Look below for the line with "Seat Bar Stool" and the line with "Spring Garden Party"; repeat exactly those two lines and all lines between them, but no pictures.

**Data:**
::::

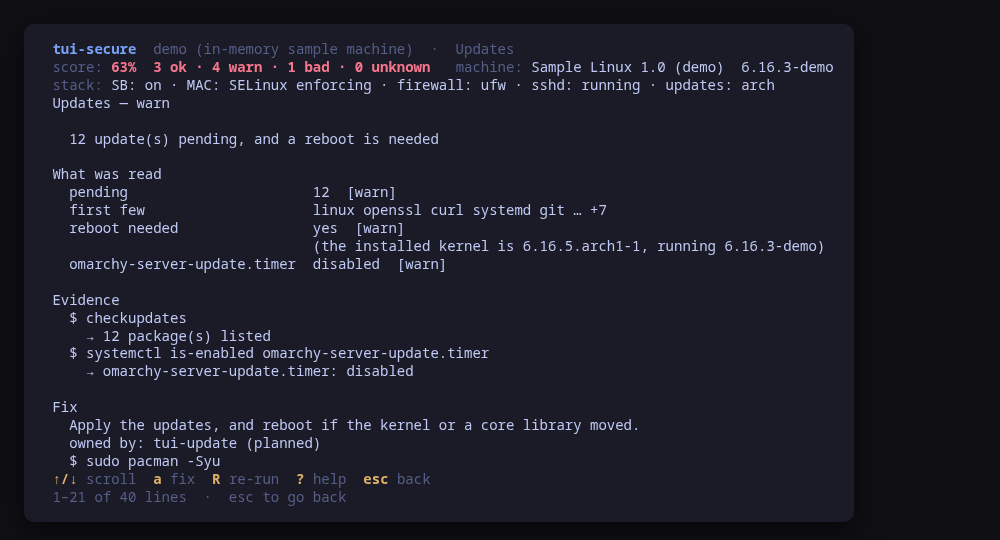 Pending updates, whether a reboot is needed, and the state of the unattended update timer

::::

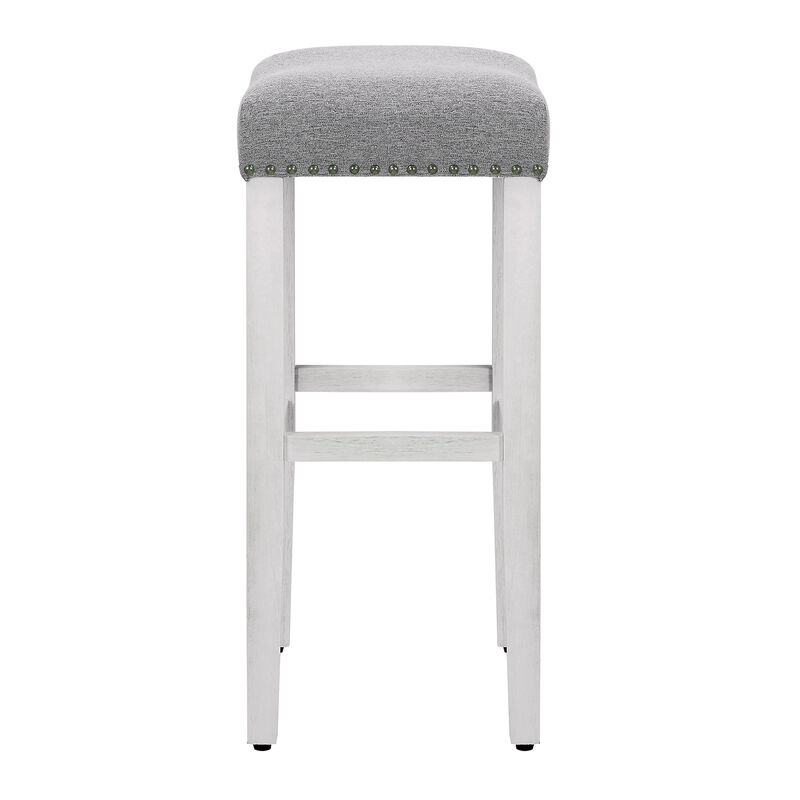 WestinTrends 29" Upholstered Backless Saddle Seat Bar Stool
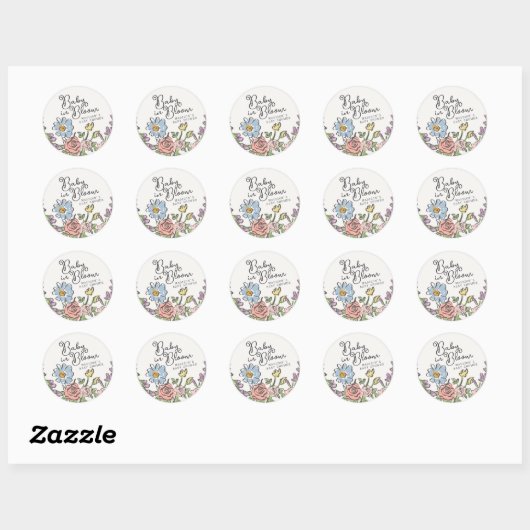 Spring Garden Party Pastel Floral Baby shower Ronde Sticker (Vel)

::::

**Result:**
 WestinTrends 29" Upholstered Backless Saddle Seat Bar Stool
 Spring Garden Party Pastel Floral Baby shower Ronde Sticker (Vel)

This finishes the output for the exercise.